Test flow (byValue): Same but the openid4vp:// URL from step 2 contains the request object JWT directly in a request parameter. Skip step 4.

Step 6: Cross-cutting concerns and edge cases

Goal: Additional tests not specific to one flow.

File: integration_test/endpoints_test.go

These tests run against a single verifier process with a basic config (including a DCQL query).

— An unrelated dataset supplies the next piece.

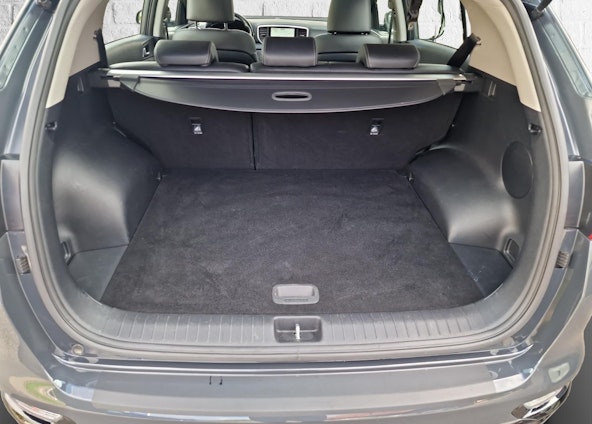 Vehicle image 8 Vehicle image 8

• GET /.well-known/jwks → 200, response is valid JWKS JSON with at least one key
• GET /services/<id>/.well-known/openid-configuration → 200, response contains issuer, token_endpoint, jwks_uri
• GET /health → 200
• POST /token without grant_type → 400
• POST /token with grant_type=unsupported → 400
• GET /api/v1/authorization without client_id → 400
• GET /api/v1/authorization without scope → 400
• GET /api/v1/authorization without state → 400

Test execution summary

# Build + run all integration tests
go test -tags integration ./integration_test/... -v -count=1

# Run only M2M tests
go test -tags integration ./integration_test/... -v -count=1 -run TestM2M

# Run only deeplink tests
go test -tags integration ./integration_test/... -v -count=1 -run TestDeeplink

Test matrix summary

The success/failure credential variations (Step 2 + 3) are tested via the M2M flow — this directly exercises the full credential validation pipeline without session management overhead. The authorization flow tests (Step 4 + 5) additionally verify that:

• The request object JWT contains a dcql_query claim matching the service config
• The test client can parse the DCQL query, construct a matching DCQL response map, and complete the flow

All tests use DCQL for credential query configuration. The vp_token is always submitted in the DCQL response map format ({"<query-id>": "<vp-jwt>"}). All tests are true black-box: they only interact with the verifier over HTTP and only depend on its public configuration contract (server.yaml + CONFIG_FILE env var).